▶ YOUR ASSIGNMENT: Copy each entry below exactly as it reads.

[Short text fragments from websites]
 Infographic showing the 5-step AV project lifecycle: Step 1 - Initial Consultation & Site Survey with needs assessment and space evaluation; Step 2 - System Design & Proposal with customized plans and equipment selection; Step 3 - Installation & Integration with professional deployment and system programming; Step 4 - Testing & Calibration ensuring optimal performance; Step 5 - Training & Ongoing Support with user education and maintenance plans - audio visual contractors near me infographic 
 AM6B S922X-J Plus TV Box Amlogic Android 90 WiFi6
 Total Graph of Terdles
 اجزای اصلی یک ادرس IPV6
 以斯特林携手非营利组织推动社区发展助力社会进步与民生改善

▶ REPLY TO THE EXERCISE:
 Infographic showing the 5-step AV project lifecycle: Step 1 - Initial Consultation & Site Survey with needs assessment and space evaluation; Step 2 - System Design & Proposal with customized plans and equipment selection; Step 3 - Installation & Integration with professional deployment and system programming; Step 4 - Testing & Calibration ensuring optimal performance; Step 5 - Training & Ongoing Support with user education and maintenance plans - audio visual contractors near me infographic 
 AM6B S922X-J Plus TV Box Amlogic Android 90 WiFi6
 Total Graph of Terdles
 اجزای اصلی یک ادرس IPV6
 以斯特林携手非营利组织推动社区发展助力社会进步与民生改善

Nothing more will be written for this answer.